Dataset excerpt.

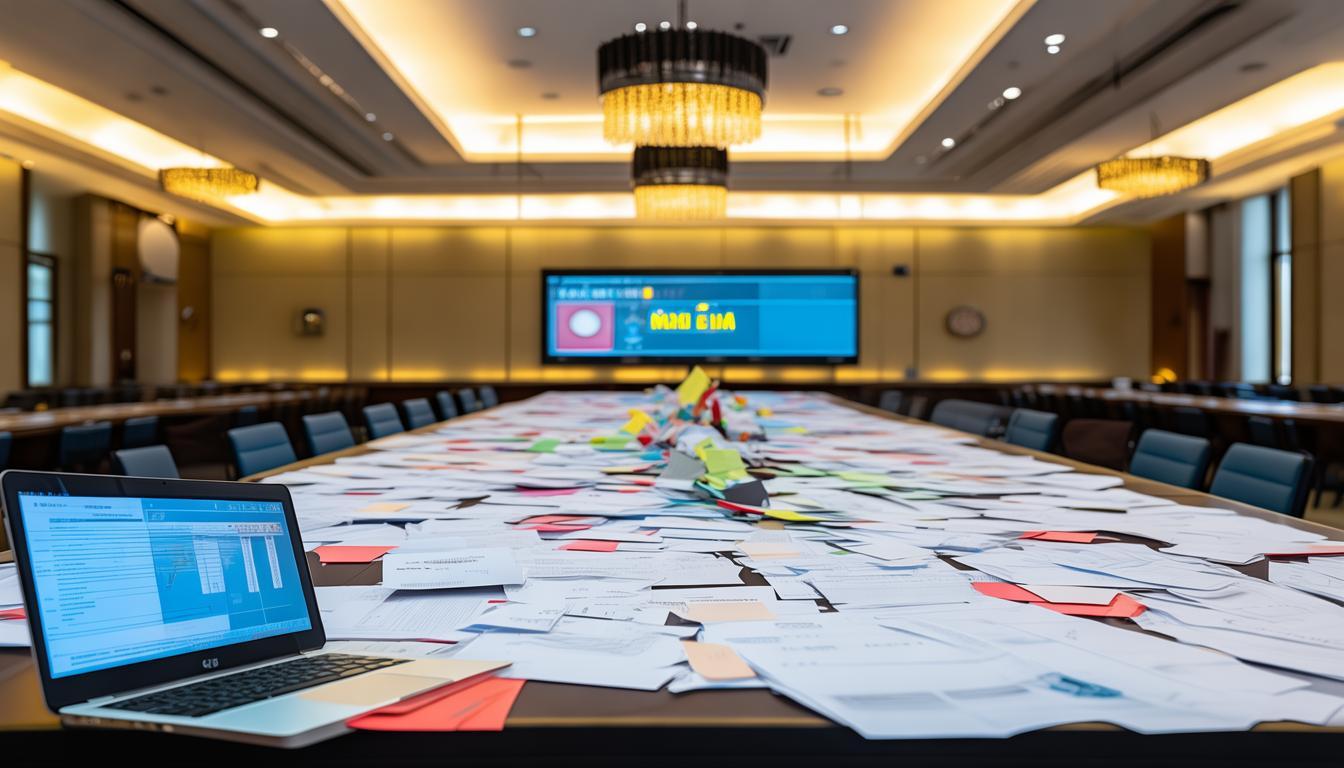 公职律师报名时间_公职律师报考_律师报名公职时间规定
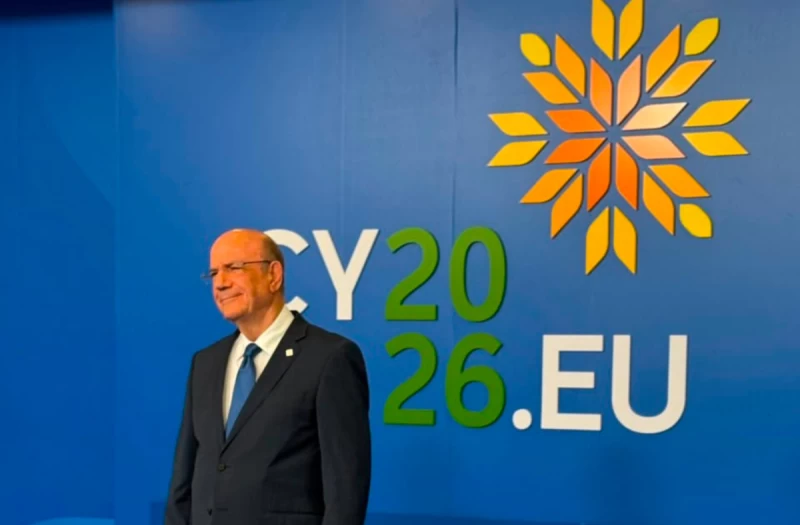 Κεραυνός: Το κόστος της νησιωτικότητας μπορεί να φθάνει έως και το 36% του ΑΕΠ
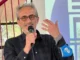 Fine vita con Diego Silvestri (Ass. Luca Coscioni) e alfabetizzazione sull’AI, a Spazio Aperto gli incontri del 14 e 17 ottobre Incontri a Spazio Aperto, Diego Silvestri sul fine vita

What is required.
A verbatim rendering of the listing above is required, without any of its pictures.

Problem solution.
 公职律师报名时间_公职律师报考_律师报名公职时间规定
 Κεραυνός: Το κόστος της νησιωτικότητας μπορεί να φθάνει έως και το 36% του ΑΕΠ
 Fine vita con Diego Silvestri (Ass. Luca Coscioni) e alfabetizzazione sull’AI, a Spazio Aperto gli incontri del 14 e 17 ottobre Incontri a Spazio Aperto, Diego Silvestri sul fine vita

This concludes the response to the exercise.